My preference is Adobe Lightroom, mostly because of it's more pleasing and intuitive interface and also because of the amazing functionality of Lightroom's Library module which allows you to easily import, export, organise and locate your images.

There are now other, excellent alternatives to Lightroom, but it's the unsexy Library module, in conjunction with the relatively seamless way that I can move my images between Lightroom and Photoshop, and back again, that I feel is what most sets Lightroom apart from the competition.

A Brief Overview Of My Own Photo Processing Workflow

My own current workflow sees me locate the file in Lightroom, where white balance, noise reduction, lens corrections and basic transformations (e.g., image straightening and alignment) are applied; prior to bringing it into Photoshop for adjustments to brightness, contrast and color.

I often employ the Google (formerly Nik) Silver Efex Pro 2 plugin to convert the file to black and white while in Photoshop. Finally I sprinkle a bit of fairy dust to complete the process.

I teach Lightroom on a one-to-one basis.
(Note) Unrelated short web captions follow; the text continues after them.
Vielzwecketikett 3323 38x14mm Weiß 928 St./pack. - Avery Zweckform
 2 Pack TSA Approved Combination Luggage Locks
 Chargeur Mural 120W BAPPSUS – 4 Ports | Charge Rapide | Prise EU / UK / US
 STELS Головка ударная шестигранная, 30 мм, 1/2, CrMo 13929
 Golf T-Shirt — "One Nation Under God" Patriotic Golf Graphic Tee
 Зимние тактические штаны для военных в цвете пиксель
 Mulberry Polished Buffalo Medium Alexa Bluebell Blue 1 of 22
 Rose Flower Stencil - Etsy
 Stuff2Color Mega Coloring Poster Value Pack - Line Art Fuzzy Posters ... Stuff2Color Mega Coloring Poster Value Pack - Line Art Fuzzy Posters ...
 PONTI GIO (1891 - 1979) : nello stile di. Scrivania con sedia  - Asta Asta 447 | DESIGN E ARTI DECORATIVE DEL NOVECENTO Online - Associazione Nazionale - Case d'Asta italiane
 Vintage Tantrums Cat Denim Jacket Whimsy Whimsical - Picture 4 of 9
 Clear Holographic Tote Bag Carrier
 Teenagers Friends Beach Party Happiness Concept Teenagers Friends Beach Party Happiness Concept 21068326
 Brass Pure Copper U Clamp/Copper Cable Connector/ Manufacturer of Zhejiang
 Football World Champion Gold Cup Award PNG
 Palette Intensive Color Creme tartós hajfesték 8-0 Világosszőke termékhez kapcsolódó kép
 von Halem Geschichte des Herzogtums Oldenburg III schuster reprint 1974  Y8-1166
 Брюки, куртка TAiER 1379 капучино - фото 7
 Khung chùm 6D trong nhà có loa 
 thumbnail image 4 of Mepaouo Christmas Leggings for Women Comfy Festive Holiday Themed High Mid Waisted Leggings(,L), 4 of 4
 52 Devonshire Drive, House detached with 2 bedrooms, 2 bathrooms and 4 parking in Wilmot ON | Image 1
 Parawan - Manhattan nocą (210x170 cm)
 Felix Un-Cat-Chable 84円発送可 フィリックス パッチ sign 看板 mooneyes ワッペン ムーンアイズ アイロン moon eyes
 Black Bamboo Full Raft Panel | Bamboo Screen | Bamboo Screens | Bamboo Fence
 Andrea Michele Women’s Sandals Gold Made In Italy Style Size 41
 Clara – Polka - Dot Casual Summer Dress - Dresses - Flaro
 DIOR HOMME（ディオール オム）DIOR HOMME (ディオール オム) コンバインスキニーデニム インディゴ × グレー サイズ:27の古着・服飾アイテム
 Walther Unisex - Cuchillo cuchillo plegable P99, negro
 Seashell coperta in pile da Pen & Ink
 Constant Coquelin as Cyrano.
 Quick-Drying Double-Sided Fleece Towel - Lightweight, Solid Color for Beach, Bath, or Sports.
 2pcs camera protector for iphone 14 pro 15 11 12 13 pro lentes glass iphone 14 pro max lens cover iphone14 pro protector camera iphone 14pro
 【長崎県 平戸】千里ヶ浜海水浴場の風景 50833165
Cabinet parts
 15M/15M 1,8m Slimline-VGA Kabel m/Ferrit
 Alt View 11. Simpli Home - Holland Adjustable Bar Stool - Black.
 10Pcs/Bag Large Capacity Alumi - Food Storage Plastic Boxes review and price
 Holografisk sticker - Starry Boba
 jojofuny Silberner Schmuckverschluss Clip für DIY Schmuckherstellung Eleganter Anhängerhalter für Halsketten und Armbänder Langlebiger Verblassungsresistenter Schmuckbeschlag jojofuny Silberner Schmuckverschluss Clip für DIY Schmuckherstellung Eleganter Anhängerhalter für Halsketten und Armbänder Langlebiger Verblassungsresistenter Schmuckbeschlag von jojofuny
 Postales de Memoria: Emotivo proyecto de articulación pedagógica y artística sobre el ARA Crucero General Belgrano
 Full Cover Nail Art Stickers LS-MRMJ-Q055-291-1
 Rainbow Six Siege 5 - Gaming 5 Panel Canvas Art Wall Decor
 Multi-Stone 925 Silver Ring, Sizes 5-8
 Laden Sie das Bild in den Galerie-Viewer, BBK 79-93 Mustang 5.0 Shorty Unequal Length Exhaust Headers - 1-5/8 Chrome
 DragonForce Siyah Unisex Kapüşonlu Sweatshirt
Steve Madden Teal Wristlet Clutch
I believe it offers the vast majority of enthusiast level photographers with all they need to process large quantities of images quickly and efficiently.
— Glenn Guy, Travel Photography Guru

The fact that you can also employ Lightroom to easily organise, locate and share those files is a huge advantage when life is so busy.

Light from colored lanterns passes through blocks of ice at the spectacular Harbin Ice and Snow Sculpture Festival in Harbin, China.

Kindness Is Something The Traveller Never Forgets

At one stage I managed to drop my new fleece gloves. I retraced my steps, as best I could, but was unable to find them. I reported the loss and, several hours later as I was leaving this major tourist attraction, a young attendant ran up to me and asked if I was the man who had lost his gloves.

They'd found my gloves and then went about finding me. What fantastic customer service and, more important, what a kind and generous act. You can't imagine how grateful I was, particularly given the torrid time I’d experience with taxi drivers in Harbin. I’ve never know the like. They’re even worse than those I’ve experienced in India.

But one kind act, such as what I experienced from the good people at Snow World, outweighed the significant difficulties I’d experienced with several of the cities low life taxi drivers. The world was, once again, brought into balance by a simple, yet heart-felt act of kindness.

With my visit to Ice World that night, and a three day trek across the top of spectacular Huangshan (i.e., Yellow Mountain) to follow, I new those gloves would be needed and I was very grateful to get them back again.

Simple acts of kindness are the kind of memories that last longest in the mind of many travellers. And I think that's a fact that tourist organizations and retailers all around the world should remember.